> [Data records]
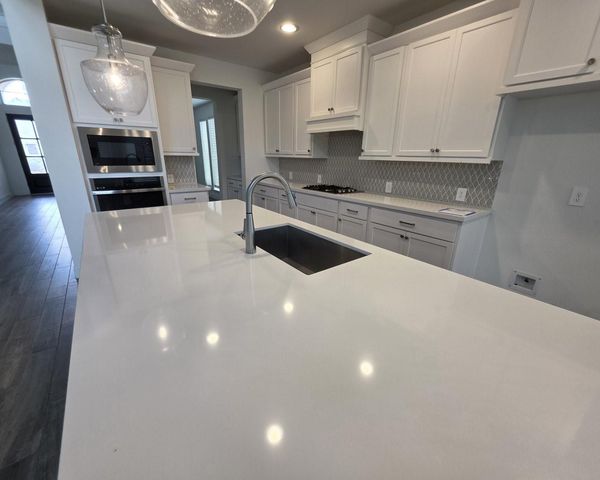 3015 Harbor Spring Way, Manvel, TX 77578
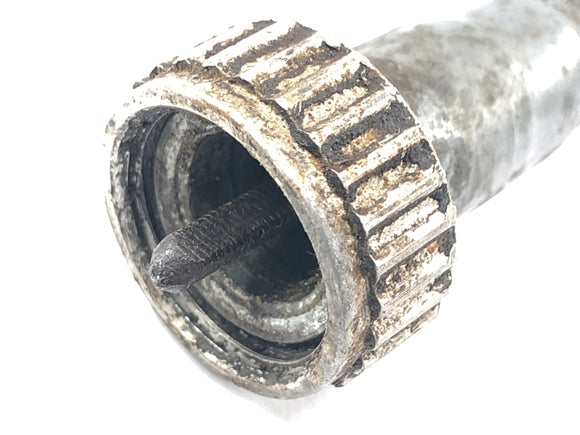 Moto Guzzi V7 Special [1971] - Tachowelle Tachoantrieb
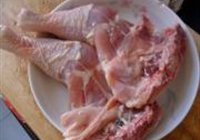 孜然麻辣鸡丁的做法 步骤1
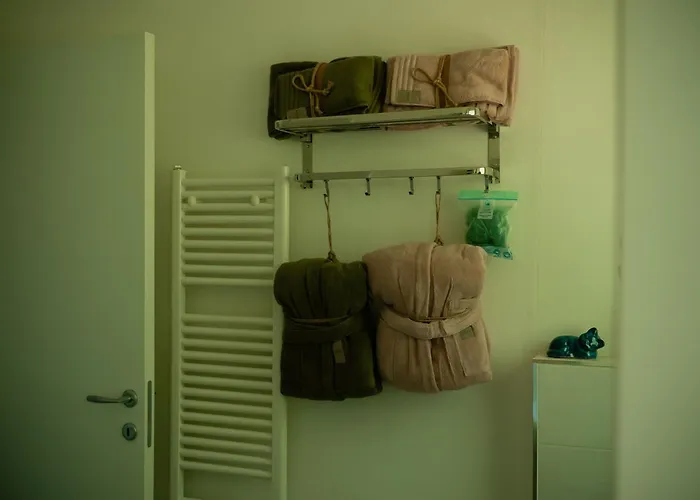 Bed & Breakfast L'introvabile *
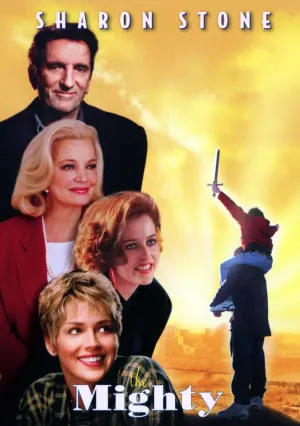 Великан (1998)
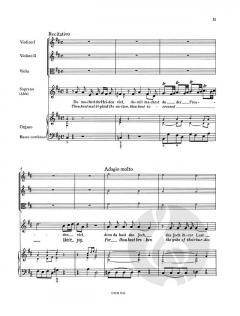 Weihnachts-Weissagung (Johann Georg Reichard) 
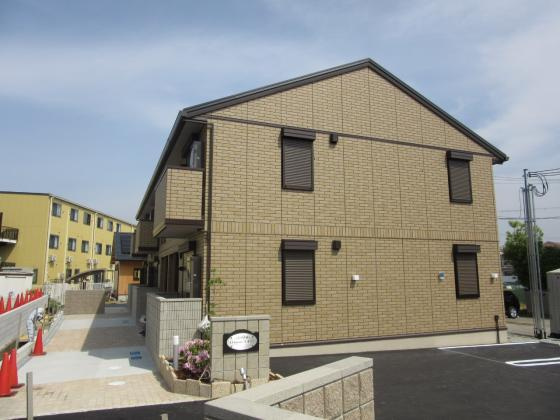 Ｄ－ｒｏｏｍ久米田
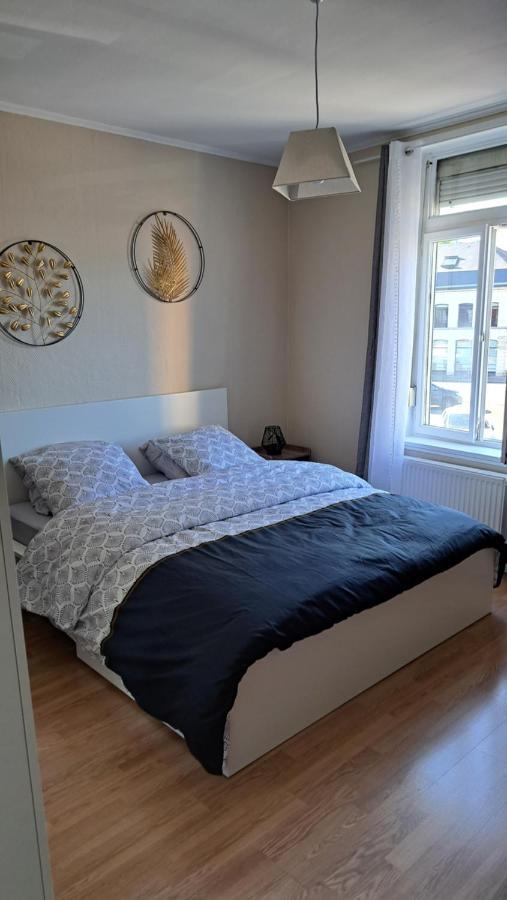 Chambre Tout Confort Villeneuve-d'Ascq Dış mekan fotoğraf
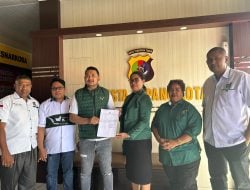 DPC PKB Kota Kupang Polisikan Lukman Edy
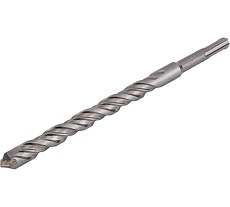 Бур SDS-plus (16х210 мм) Vertextools 999-16-210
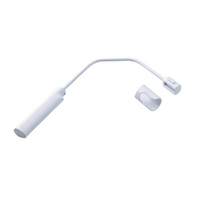 創通メディカル エックスエス2専用バックケアアーム ホワイト MT-RX2-24-AW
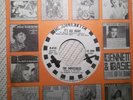 THE IMPOSSIBLES ROULETTE4745 IT'S ALL RIGHT/I WANNA KNOW NEW DJ COPY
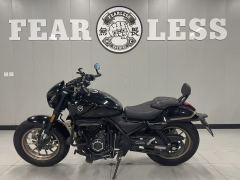 Voge CU525 500 cc - ფოტო 2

> [Requirement]
The records above need to be reproduced exactly, with all images omitted.

> [Output below]
 3015 Harbor Spring Way, Manvel, TX 77578
 Moto Guzzi V7 Special [1971] - Tachowelle Tachoantrieb
 孜然麻辣鸡丁的做法 步骤1
 Bed & Breakfast L'introvabile *
 Великан (1998)
 Weihnachts-Weissagung (Johann Georg Reichard) 
 Ｄ－ｒｏｏｍ久米田
 Chambre Tout Confort Villeneuve-d'Ascq Dış mekan fotoğraf
 DPC PKB Kota Kupang Polisikan Lukman Edy
 Бур SDS-plus (16х210 мм) Vertextools 999-16-210
 創通メディカル エックスエス2専用バックケアアーム ホワイト MT-RX2-24-AW
 THE IMPOSSIBLES ROULETTE4745 IT'S ALL RIGHT/I WANNA KNOW NEW DJ COPY
 Voge CU525 500 cc - ფოტო 2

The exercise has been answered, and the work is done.